After Tyler, we flew along the 20 freeway east toward Shreveport LA and to Jackson Emerson, then to Monroe in rain, where we filled up again. After Monroe, we flew to Key Airport, and left the freeway toward Montgomery, heading toward Savannah. The ceiling near Savannah was approximately 2000 feet. When we finally landed at SAV, Travis and Krishnan hurriedly took our Certificate of Landing to the tower, where it was signed off. Then we immediately took off again in sunshine. As we tracked along the 20 freeway, we had to divert again south to avoid the squall line thunderstorms in the area. We landed safely at Brownwood Airport, and were grounded for approximately five hours. Hell broke loose as the thunderstorm passed the airport. We had to tie down the blades, and hurry in to the terminal building for shelter. The rain and the incredibly strong wind pounded outside, like we had never seen! Travis called his family and told them that the wind had literally pushed him backwards as he tried to walk. After the storm was over, we headed back to the 20 Freeway and had to fly on top over morning fog!
 
After leaving Texas, we had a strong 20 knots tailwind all the way to Brown Airport in San Diego. En route, the most beautiful areas we encountered were in the mountains east of Phoenix. The scenery there is just unbelievably breathtaking and beautiful!
 
When we reached California and landed at Brown Field, we were confident that we had beaten the earlier record; but, with a marine layer starting to roll in, we couldn’t pause to celebrate and we took off as soon as possible, flying back to French Valley Airport, where a small group of fans greeted us. It felt good, and we congratulated ourselves and shook hands! We had achieved our goal to set another Helicopter World Speed Record, despite the fact that the weather was against us the whole way!
 
Our piloting team was excellent: Travis Reid is a commercial pilot, full-time college aviation student and veteran WRHT flyer who now holds two active world records at age 20. He flew in his first race at age 16. As my second in command, he has excellent aviation skills, notably in Communications, and did a fabulous job navigating and flying us through much of the worst weather. Dr.

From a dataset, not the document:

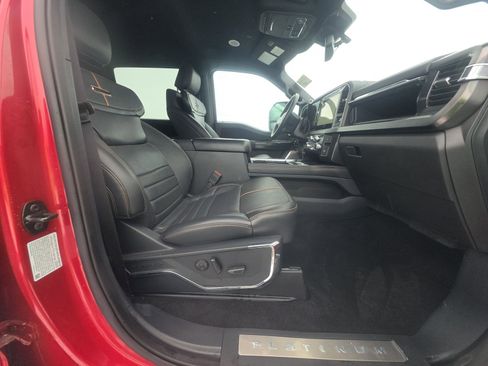 Used 2023 Ford F250 Platinum image 14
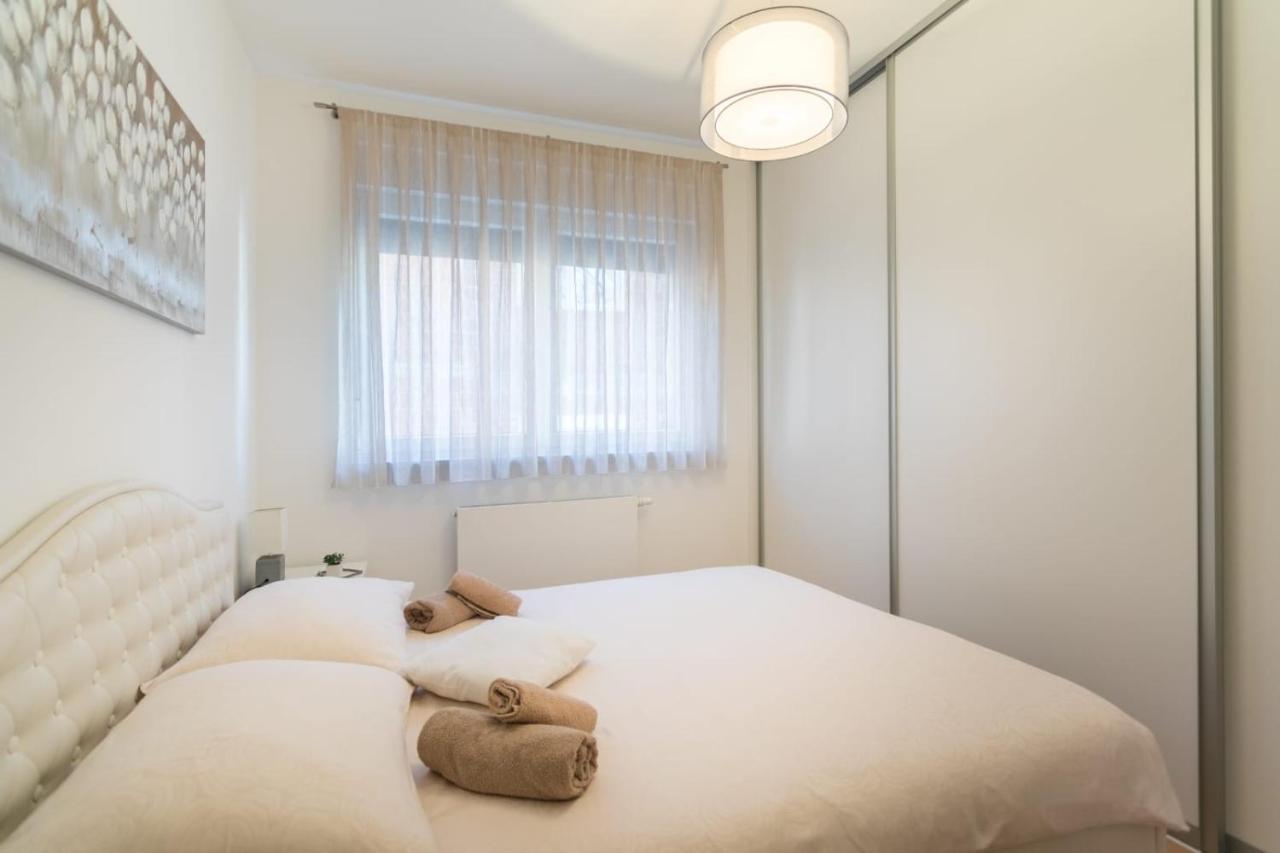 Apartment Sara - Free Parking For 2 Cars 자그레브 외부 사진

Miguel Krishnan, in addition to working as a surgeon, is a Lt. Colonel in the US Army’s Airborne Special Forces. He’s currently close to finishing training for his Commercial rotorcraft rating. Jerry Peck had been a long time fixed wing pilot, when he “got the rotorcraft bug”, and was smitten and hooked when he started flying helicopters! Like Miguel, he is an excellent pilot who I’m proud to have on our team. Jerry co-owns a company in Southern California that builds all manner of diving equipment. All of our team members demonstrated grit, patience and skill as they flew in good and bad weather in a challenging race. Each of them kept a positive attitude throughout, and together we set a new world record!
 
What’s next for the WRHT? Our current goal is to find someone with a larger turbine helicopter, who will participate in our upcoming around the world race! And help us pay the fuel! We are also looking for marketers/sponsors for all of our races!